ASSIGNMENT
Begin your copy at the line with "preiswerte Button-Down-Hemden für" in the records below and end it at the line with "Towards Relational Design", restating each line word for word; omit the pictures.

THE RECORDS
----

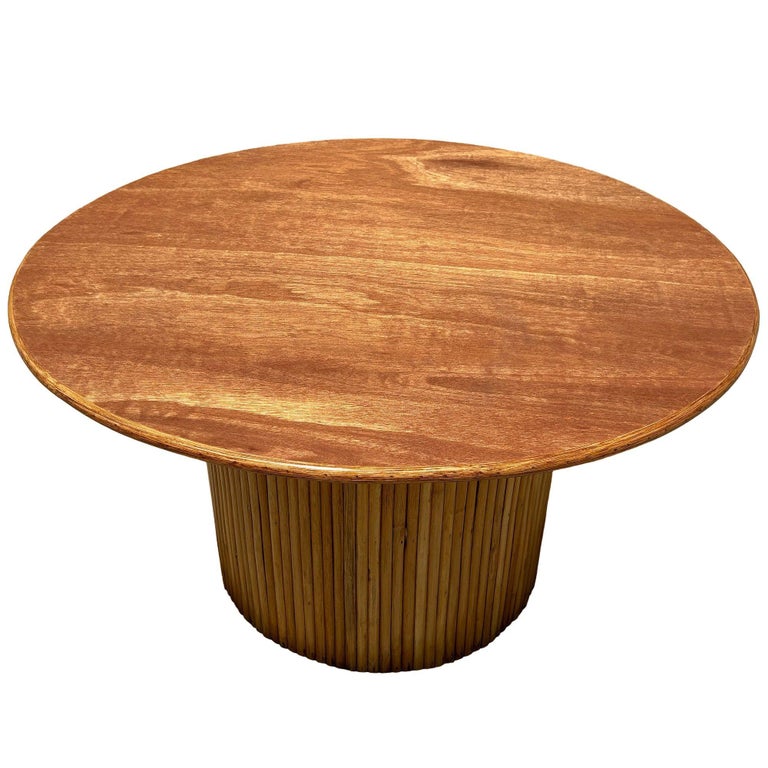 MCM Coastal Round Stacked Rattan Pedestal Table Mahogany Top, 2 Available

----

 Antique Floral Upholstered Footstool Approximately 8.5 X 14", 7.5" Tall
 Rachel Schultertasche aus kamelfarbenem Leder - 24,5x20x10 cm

----

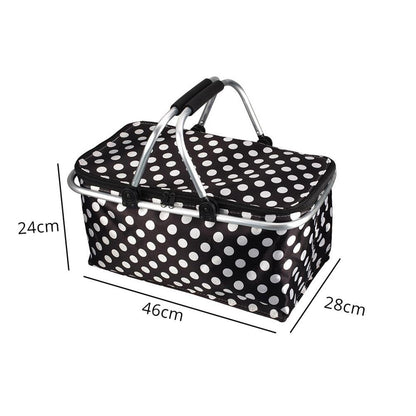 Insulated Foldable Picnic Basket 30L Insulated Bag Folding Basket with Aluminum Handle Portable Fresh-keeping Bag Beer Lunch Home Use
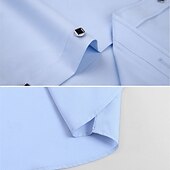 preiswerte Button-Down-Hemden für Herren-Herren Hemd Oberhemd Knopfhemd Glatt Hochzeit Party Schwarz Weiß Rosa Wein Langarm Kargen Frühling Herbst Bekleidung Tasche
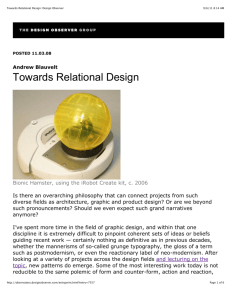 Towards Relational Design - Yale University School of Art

----

SOLUTION BELOW
 preiswerte Button-Down-Hemden für Herren-Herren Hemd Oberhemd Knopfhemd Glatt Hochzeit Party Schwarz Weiß Rosa Wein Langarm Kargen Frühling Herbst Bekleidung Tasche
 Towards Relational Design - Yale University School of Art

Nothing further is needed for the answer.